| Exercise |
Please give again, word for word, the line that contains "Cravate Bleu cool" and every line after it to the end of the data, with no other lines.

| Material provided |
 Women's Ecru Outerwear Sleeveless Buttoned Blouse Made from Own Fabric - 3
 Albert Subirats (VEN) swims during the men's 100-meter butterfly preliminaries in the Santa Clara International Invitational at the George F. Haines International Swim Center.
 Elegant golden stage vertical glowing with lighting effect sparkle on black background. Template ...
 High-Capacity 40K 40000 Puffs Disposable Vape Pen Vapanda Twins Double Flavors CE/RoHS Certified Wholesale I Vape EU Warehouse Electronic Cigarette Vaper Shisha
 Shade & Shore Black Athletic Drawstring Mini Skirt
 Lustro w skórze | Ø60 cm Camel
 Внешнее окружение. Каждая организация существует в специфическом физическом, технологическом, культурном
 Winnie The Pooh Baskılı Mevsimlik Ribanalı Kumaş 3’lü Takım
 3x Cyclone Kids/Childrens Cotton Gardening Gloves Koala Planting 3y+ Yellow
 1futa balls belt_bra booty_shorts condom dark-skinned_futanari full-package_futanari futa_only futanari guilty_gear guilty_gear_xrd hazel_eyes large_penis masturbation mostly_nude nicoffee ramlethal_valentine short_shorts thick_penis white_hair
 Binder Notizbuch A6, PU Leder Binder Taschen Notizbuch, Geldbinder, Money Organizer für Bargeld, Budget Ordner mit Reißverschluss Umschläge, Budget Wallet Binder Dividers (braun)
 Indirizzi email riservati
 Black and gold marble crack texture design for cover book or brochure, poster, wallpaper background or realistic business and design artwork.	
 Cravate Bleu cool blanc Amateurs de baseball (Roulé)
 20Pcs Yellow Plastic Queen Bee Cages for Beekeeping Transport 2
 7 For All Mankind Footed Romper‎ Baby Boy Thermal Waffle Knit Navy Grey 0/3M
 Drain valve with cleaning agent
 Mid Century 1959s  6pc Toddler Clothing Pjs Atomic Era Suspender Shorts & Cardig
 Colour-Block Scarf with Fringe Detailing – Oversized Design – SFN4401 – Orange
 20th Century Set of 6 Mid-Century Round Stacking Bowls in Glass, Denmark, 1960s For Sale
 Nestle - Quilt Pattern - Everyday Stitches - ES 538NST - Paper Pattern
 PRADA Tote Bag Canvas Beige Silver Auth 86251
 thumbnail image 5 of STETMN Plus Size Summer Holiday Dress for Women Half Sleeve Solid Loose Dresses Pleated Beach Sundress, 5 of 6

| Answer space |
 Cravate Bleu cool blanc Amateurs de baseball (Roulé)
 20Pcs Yellow Plastic Queen Bee Cages for Beekeeping Transport 2
 7 For All Mankind Footed Romper‎ Baby Boy Thermal Waffle Knit Navy Grey 0/3M
 Drain valve with cleaning agent
 Mid Century 1959s  6pc Toddler Clothing Pjs Atomic Era Suspender Shorts & Cardig
 Colour-Block Scarf with Fringe Detailing – Oversized Design – SFN4401 – Orange
 20th Century Set of 6 Mid-Century Round Stacking Bowls in Glass, Denmark, 1960s For Sale
 Nestle - Quilt Pattern - Everyday Stitches - ES 538NST - Paper Pattern
 PRADA Tote Bag Canvas Beige Silver Auth 86251
 thumbnail image 5 of STETMN Plus Size Summer Holiday Dress for Women Half Sleeve Solid Loose Dresses Pleated Beach Sundress, 5 of 6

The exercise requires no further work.